Два других феномена, которые она наблюдала и того раньше, привели всего лишь к смешным заблуждениям. Ей было что-то около девяти, когда в усадьбу Ардис повадился приезжать к обеду один почтенных лет господин, живописец с большим именем, которого Ада открыть не могла да и не желала. Ее учительница рисования, мисс Гаултерия, относилась к нему с великим почтением, хотя на самом-то деле собственные ее natures mortes считались (в 1888-м и затем снова в 1958-м) несравнимо превосходящими полотна пожилого прохвоста, писавшего своих маленьких ню непременно сзади, – то были тянущиеся за фиговым плодом нимфетки с персиковыми попками, а то еще лезущие в гору гэрль-скауты в лопающихся шортах...
– Да знаю я, кого ты имеешь в виду, – прервал ее недовольный Ван, – и считаю необходимым занести в протокол, что даже если Поль И. Гигмент с его сладостным даром пребывает ныне в опале, он все-таки имел полное право писать своих школьниц и своевольниц с той стороны, какая ему больше нравилась. Продолжай.
Всякий раз (рассказывала невозмутимая Ада) что появлялся Пиг Пигмент, она съеживалась, заслышав, как он, отдуваясь и всхрапывая, ползет по лестнице, медленно близясь, точно тот незабвенный морок, Мраморный Гость, разыскивая ее, выкликая тонким сварливым голосом, ничуть не идущим к мрамору.

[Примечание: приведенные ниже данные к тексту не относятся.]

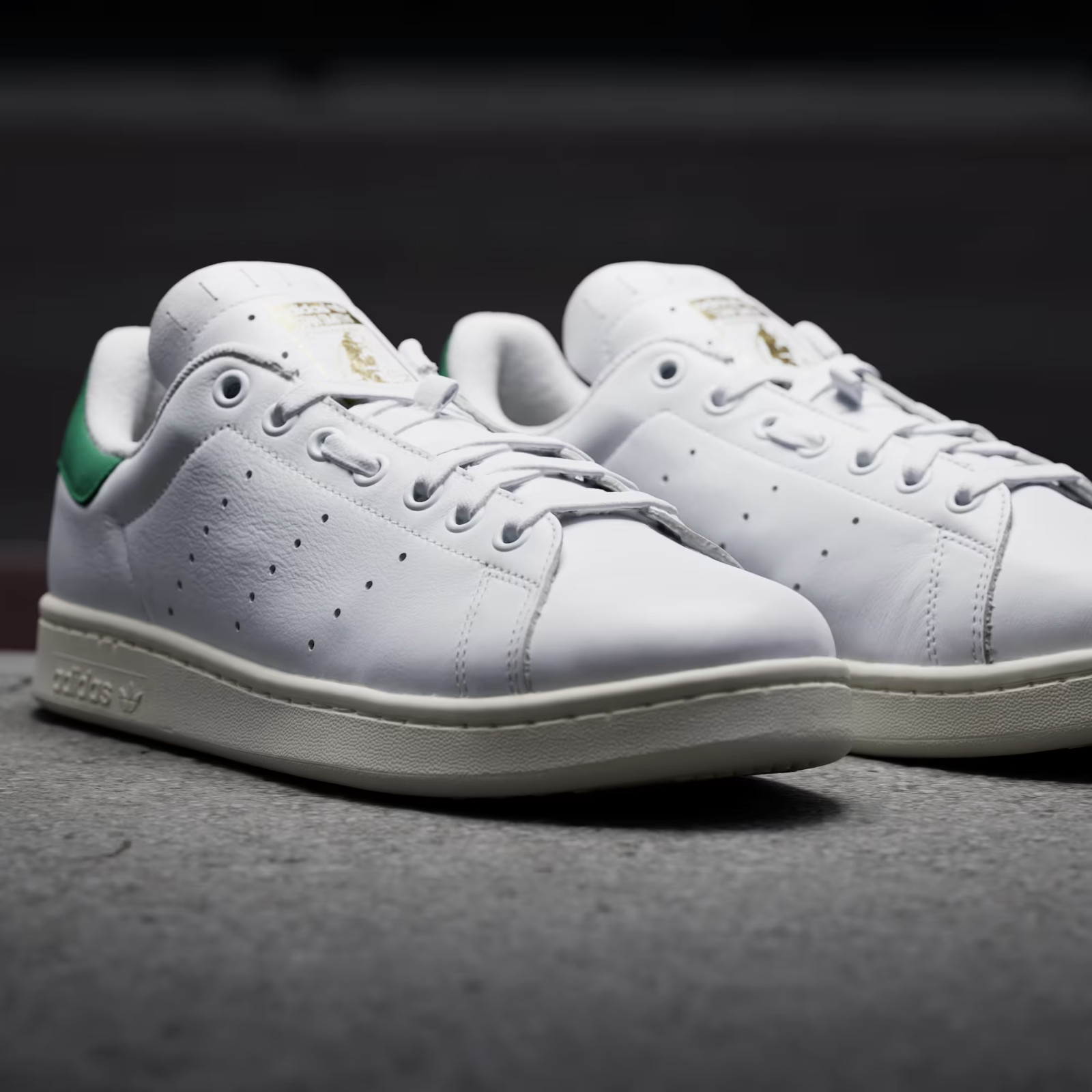 Adidas Velostan Smith Men's Shoes IE8398 thumbnail 4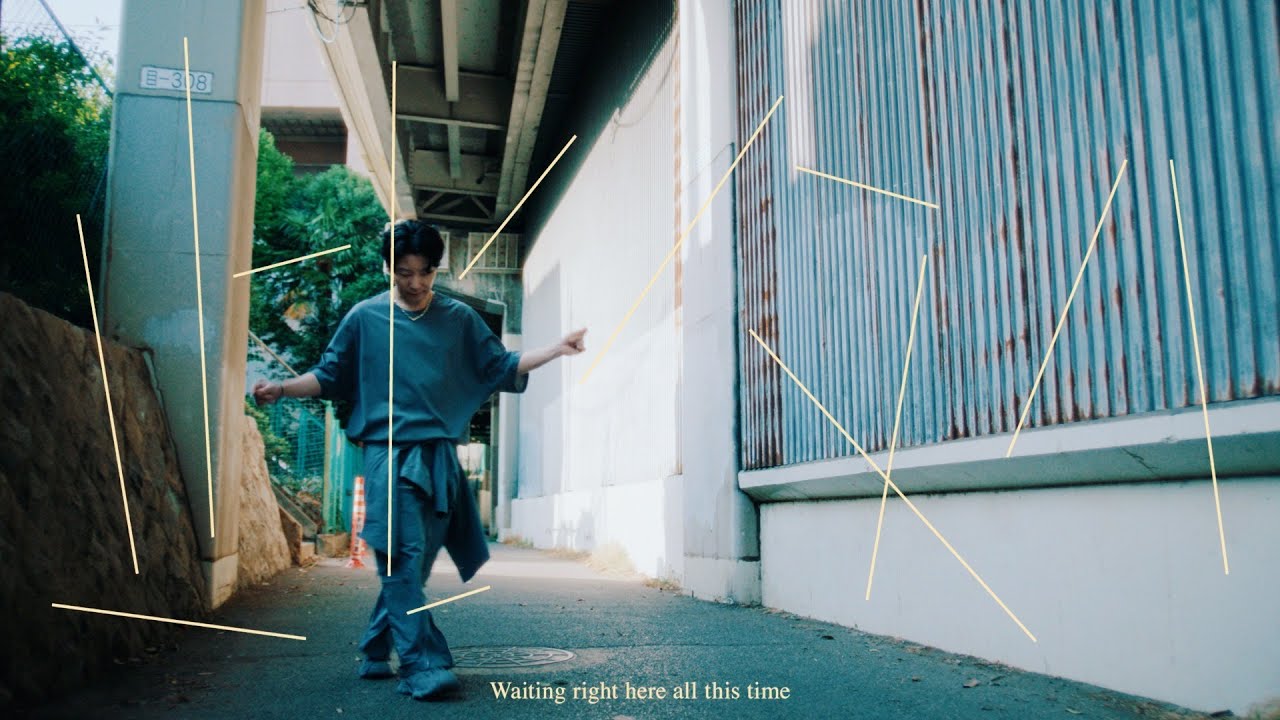 星野源 - Star [Official Video]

– Бедный старикан, – пробормотал Ван.
Его метод контакта, говорила она, «puisqu'on aborde ce theme-la, и я отнюдь не провожу оскорбительных параллелей», сводился к тому, чтобы с маниакальным упорством навязывать ей свою помощь, когда требовалось до чего-нибудь дотянуться – до чего угодно: принесенного им гостинца, коробки конфет, а то и вовсе старой игрушки, которую он подбирал с пола детской и вешал повыше на стену, или до розовой, горевшей синем пламенем свечки, которую он велел ей задуть на новогодней елке, – и несмотря на ее мягкие протесты, он брал девочку под локотки и с расстановкой подтягивал все выше, все покряхтывая, все повторяя, ах, какая она тяжеленькая, какая миленькая, – это тянулось долго, пока не бухал обеденный гонг или не появлялась няня со стаканом фруктового соку, и какое же облегчение испытывали все участники действа, когда в ходе жульнического вознесения ее бедный задок наконец-то впечатывался в хрусткий наст его крахмальной груди, и он опускал ее и застегивал смокинг. А еще она помнит...
– Глупое преувеличение, – прокомментировал Ван. – Полагаю, к тому же, что еще и лживо переокрашенное светом позднейших событий, открывшихся еще позднее.
А еще она помнит, как мучительно покраснела, услышав сказанные кем-то слова о том, что у бедного Пига больное воображение плюс «a hardening of the artery, отвердение артерии», так она во всяком случае расслышала, хотя, возможно, речь шла о «heartery»; она уже знала, даже тогда, что артерия может стать жутко длинной, потому что видела Дронго, вороного коня, имевшего, надо признать, вид донельзя подавленный и смущенный из-за того, что случилось с его артерией посреди бугристого поля, на глазах у всех маргариток. Она-то подумала, рассказывала лукавая Ада (насколько правдиво, это другой вопрос), что из живота у Дронго свисает, болтая каучуковой черной ногой, жеребенок, поскольку не сознавала, что Дронго вовсе не кобылица и не обладает сумкой, такой, как у кенгуру на любимой ее картинке, однако няня-англичанка объяснила ей, что Дронго – очень больная лошадка, и все сразу встало на место.